Many fields look like they have been steamrolled with few stalks remaining upright. Thus far, operators have been getting through the worst of the downed 30 percent moisture corn at speeds around 1 mile per hour.

The soybean crop

In a year where all overspray areas were seen as yellow flashing that lasted the rest of the season, we expected the appearance of bean diseases.

In parts of the state, SDS is present at levels that will affect yields. One uncommon disease that became recognizable about three weeks ago when large oval-shaped areas of bean plants turned brown.

A close examination and root dig didn’t match SDS symptomology, but dark spots on the leaves and black hairs on the leaves along pod lesions matched the description for foliar anthracnose.

While low levels of stem anthracnose is present annually in all fields, seeing it attack the foliage and do damage is unusual. In drier parts of the state, charcoal rot has been verified.

Dryness, stalk quality

Dead stalks tend to lose their strength within a few weeks after senescence, especially if any of the stalk-rotting bacteria and fungi are present.

The same can happen when and if the stalks get so dry that they lose their turgor pressure. The combination seems to be at work in southeastern and north central Iowa where those conditions are present.
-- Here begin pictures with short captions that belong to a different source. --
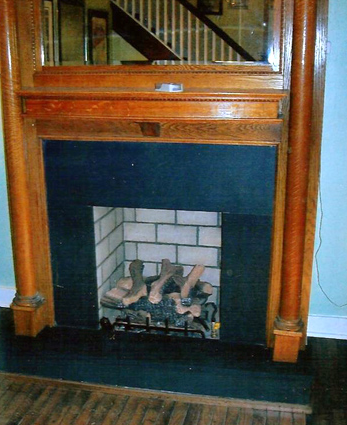 Photo of KB Lawson Masonry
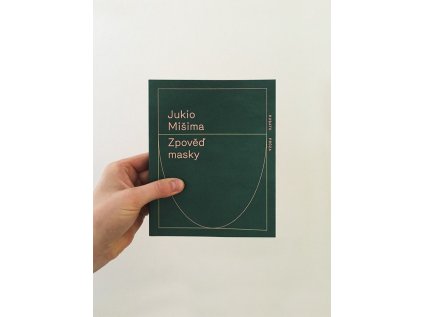 15287 zpoved masky jukio misima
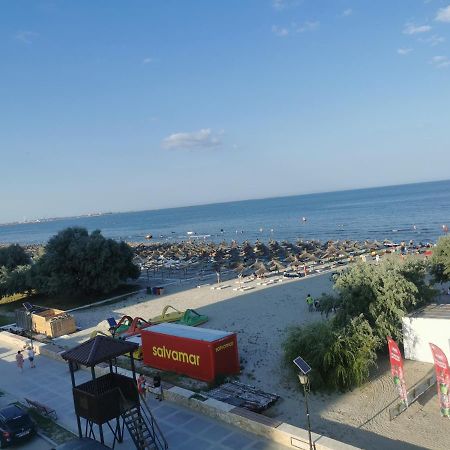 Ella By The Sea Residence Năvodari Екстериор снимка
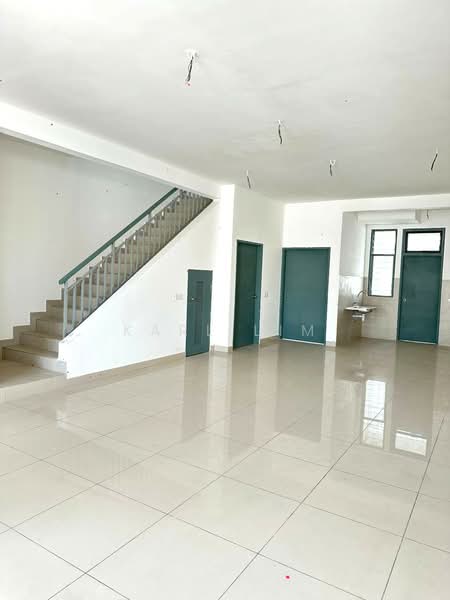 Rumah Teres 2 Tingkat untuk Dijual di Permas Jaya (Johor Bahru) - Karl Lim - Interior - PropertyGuru.com.my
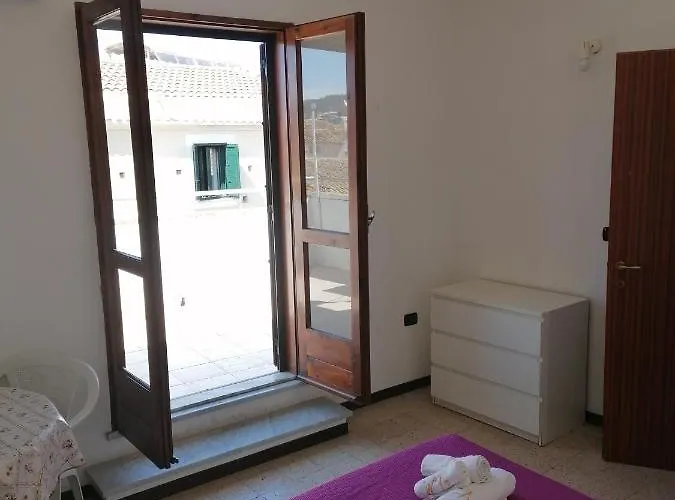 Dorattic 公寓 特罗佩阿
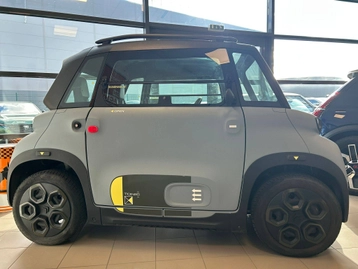 Image véhicule  Citroën AMI (4)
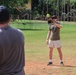 Koa Moana 24: Playing Softball with Palau Locals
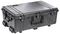 1650 BLACK FOAM - Trolley Case with Foam Insert, Type 1650 Black - 781mm x 520mm x 295mm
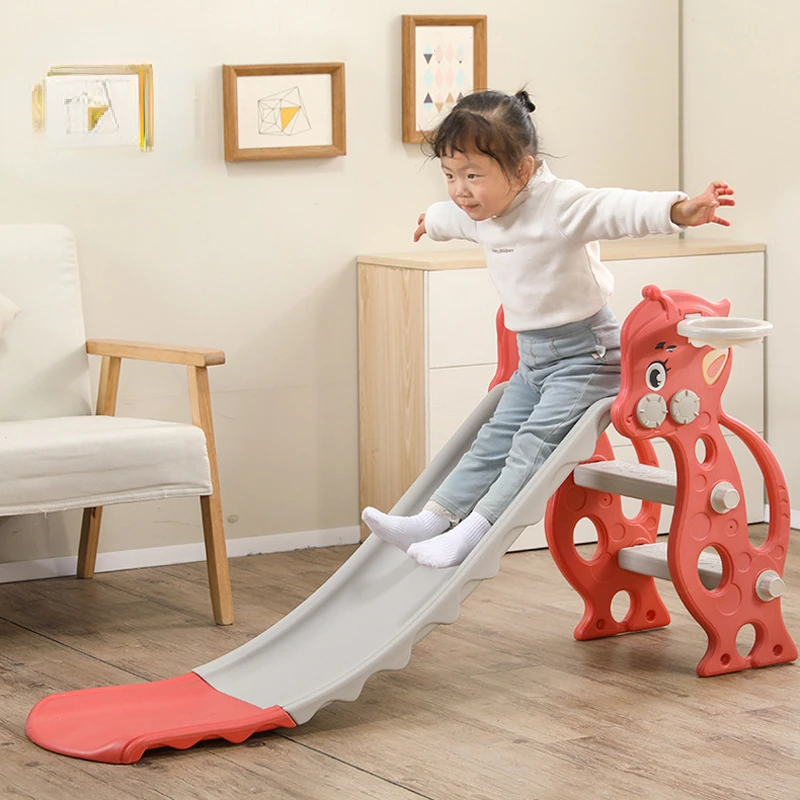 E-commerce  C-HT066 Kids Slides Baby Swing Bouncer  Rocking Chair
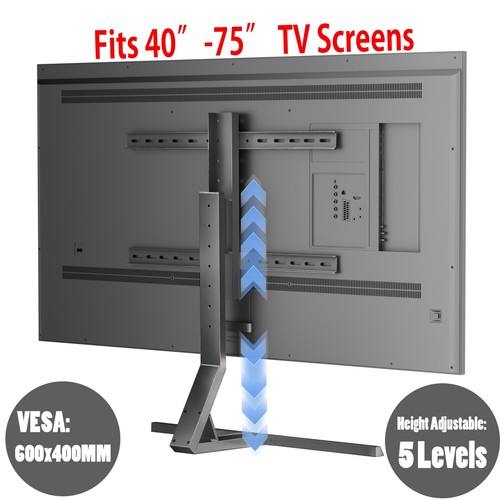 Heavy duty swivel - tv, 5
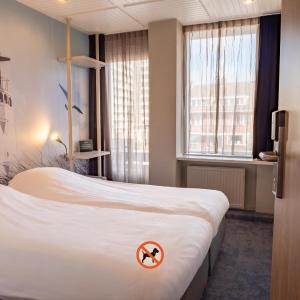 Budget Twin Room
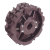 PR820 - Idler sprocket for plate chain - 820+ 815 ranges - Simplified view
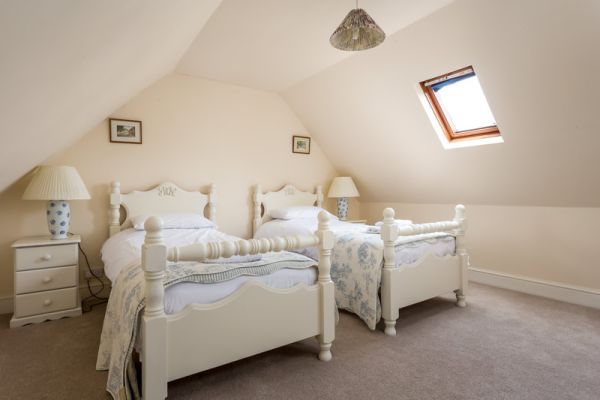 Stanway House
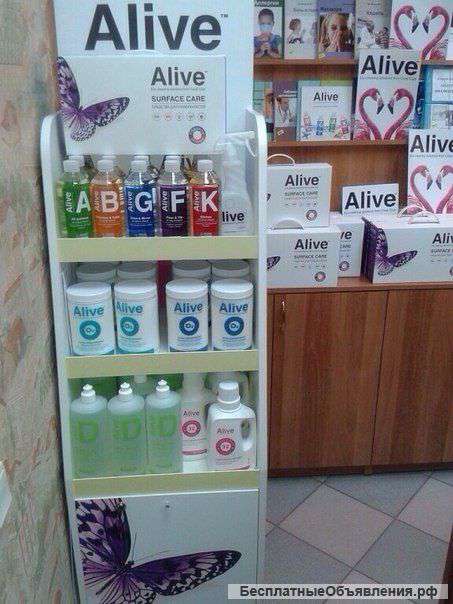 Свой бизнес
So while it would be nice to let the crop field dry to 13 or 15 percent moisture, that may allow too much field loss to occur.

Heed advice and scout your fields to identify those with potential stalk problems.

Residue management

Most informal surveys still show that Iowa producers would like to increase second-year corn acres to respond to the price ratio that favors corn and to grow their own feed.

That means learning how to manage the residue so it decomposes to release the captured nutrients and allow a die-off of the disease inoculant while still protecting against soil erosion is vital.

One of the interesting things going into harvest will be to see how well the products that were meant to boost plant health and minimize the effects of the bacteria on yields worked.

Thus far, the majority of the sprayed fields lost their sliminess and stink and the disease seemed to subside. Most are still green and look better than neighboring fields.

Several that were treated were possibly too far gone to bring back, but if it is your field that was worth $1,400 or more per acre, don’t you have the right to try to save it?

Next year, everyone needs to have an improved management plan in place to control the disease and to manage their weed and fertility situation that allowed the disease such a strong foothold.

Most farmers likely dismissed talk of the disease as they had not worked with it before or seen firsthand what it could do. Most still can’t identify the stalk phase of the disease.

There will be several very interesting findings released in upcoming months that will suggest that changes in are in store for corn growers.

None of those will be patentable so the shift will have to happen at the grassroots level.